# High Number Of Kills For German Aces



## Ghostdancer (Aug 26, 2009)

Why the German Aces had such a high number of aerial kills. Gunther Rall, who shot down some 275 aircraft gives a brief explanation one minute into this interview...


_View: https://www.youtube.com/watch?v=STFdRrWBW2w_


----------



## drgondog (Aug 27, 2009)

Ghostdancer said:


> Why the German Aces had such a high number of aerial kills. Gunther Rall, who shot down some 275 aircraft gives a brief explanation one minute into this interview...
> 
> 
> _View: https://www.youtube.com/watch?v=STFdRrWBW2w_




Pretty good and believable explanations.

Examples.

As an example my father had 7 air to air in four total engagements over 40 missions in 90 days... then never was able to engage for next 30+ missions despite being in lead as Sq CO or Group Deputy CO.. 

Gabby Gabreski got 28 over the span of 14+ months when the German LW was eager to fight and plentiful. He got all of his air scores in 19 total engagements in over 100+ missions.

Rall and other top LW experten probably had more engagements every 30 days than Gabby had during his entire experience w/56th FG. 

Net - LW aces fought in target rich environment which enabled them to engage on nearly 1/2 to most of their missions - they just had to survive to score high.


----------



## FLYBOYJ (Aug 27, 2009)

I show 166 missions for 28 credits for Gabreski. As a comparison Gunter Rall had 275 claims in 621 missions. If I do my math right this would have statistically given Gabreski over 100 kills in the same span when comparing the two. You'd have to factor the "target rich environment" and also almost all of Ralls kills were over the eastern front.


----------



## drgondog (Aug 27, 2009)

FLYBOYJ said:


> I show 166 missions for 28 credits for Gabreski. As a comparison Gunter Rall had 275 claims in 621 missions. If I do my math right this would have statistically given Gabreski over 100 kills in the same span when comparing the two. You'd have to factor the "target rich environment" and also almost all of Ralls kills were over the eastern front.

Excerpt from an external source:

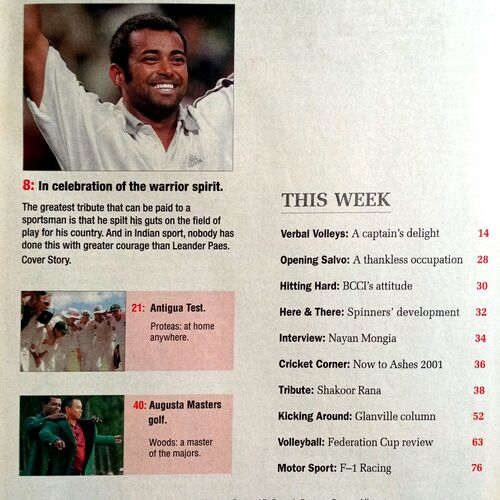 Sport Star (Sat 28 April 2001) (Free Poster Inside)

I knew it was high Joe but put 100+ because I didn't know what the final number was before he went down strafing. 

And yes, Gabby was killing Rall types not Rall prey types. It was the 56th that put him out of the War.

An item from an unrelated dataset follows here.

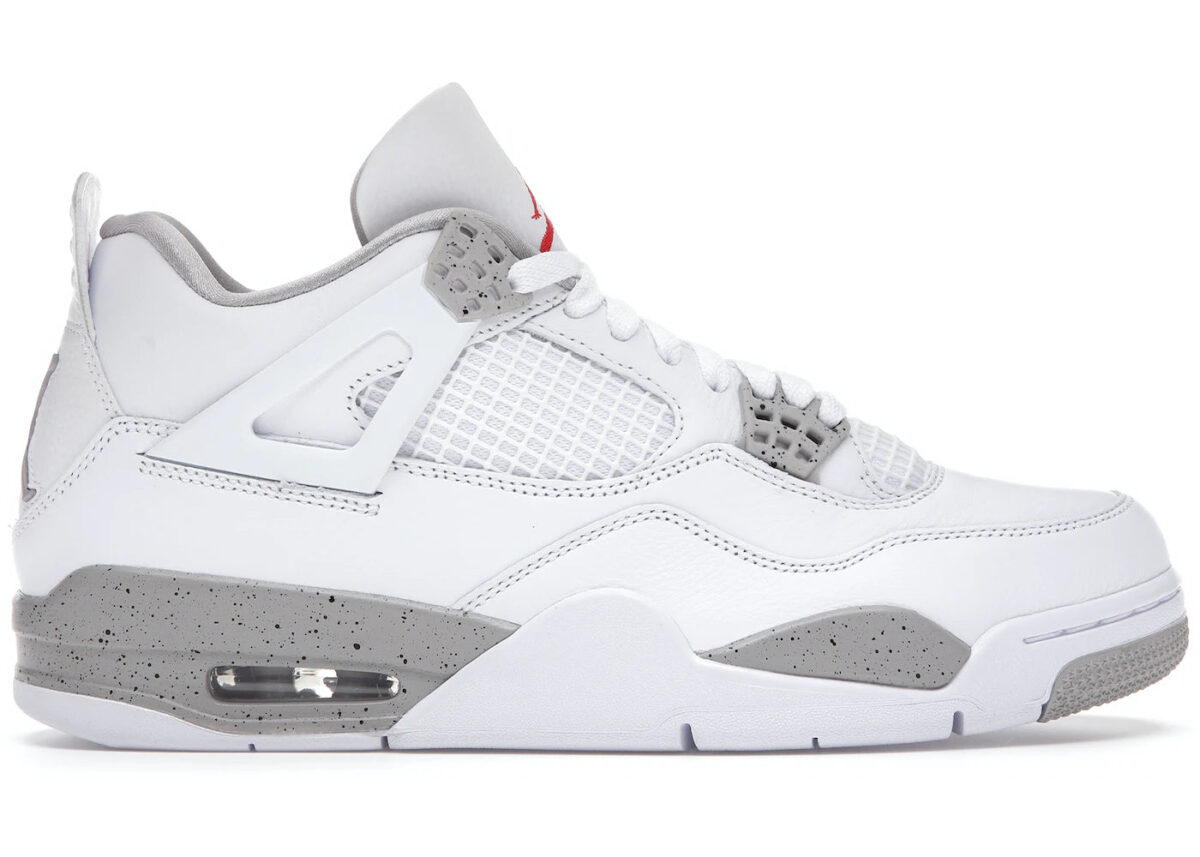 Jordan 4 Retro White Oreo - Image 1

Anothe point about Gabby - had the 4th converted to 51s his numbers surely would have been a lot higher as the Penetration/Withdrawal Support missions limited 56th to far fewer encounters April - July


----------



## FLYBOYJ (Aug 27, 2009)

drgondog said:


> I knew it was high Joe but put 100+ because I didn't know what the final number was before he went down strafing.
> 
> And yes, Gabby was killing Rall types not Rall prey types. It was the 56th that put him out of the War.
> 
> Anothe point about Gabby - had the 4th converted to 51s his numbers surely would have been a lot higher as the Penetration/Withdrawal Support missions limited 56th to far fewer encounters April - July


Agree as well...

I wonder how his Korean tour sizes up here as well. I know different place, aircraft, enemy, tactics, ect.


----------



## MikeGazdik (Aug 27, 2009)

This is a little skewed, but speaking of Gabby has lead me to another question, has a book been written on "Mike" Gladych? I have read about him in Gabby's book and a few others. I would have to say he should have one heck of a story!


----------